● **PROBLEM DESCRIPTION**
Word for word, reproduce every line of the data.

● **DATA SEGMENT**
━━━

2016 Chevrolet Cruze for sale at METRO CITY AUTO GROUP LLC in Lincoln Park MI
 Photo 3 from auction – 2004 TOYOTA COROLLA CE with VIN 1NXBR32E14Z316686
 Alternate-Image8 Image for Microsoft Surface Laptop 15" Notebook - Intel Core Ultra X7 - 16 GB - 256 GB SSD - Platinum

━━━

● **OUTPUT OF THE TASK**
2016 Chevrolet Cruze for sale at METRO CITY AUTO GROUP LLC in Lincoln Park MI
 Photo 3 from auction – 2004 TOYOTA COROLLA CE with VIN 1NXBR32E14Z316686
 Alternate-Image8 Image for Microsoft Surface Laptop 15" Notebook - Intel Core Ultra X7 - 16 GB - 256 GB SSD - Platinum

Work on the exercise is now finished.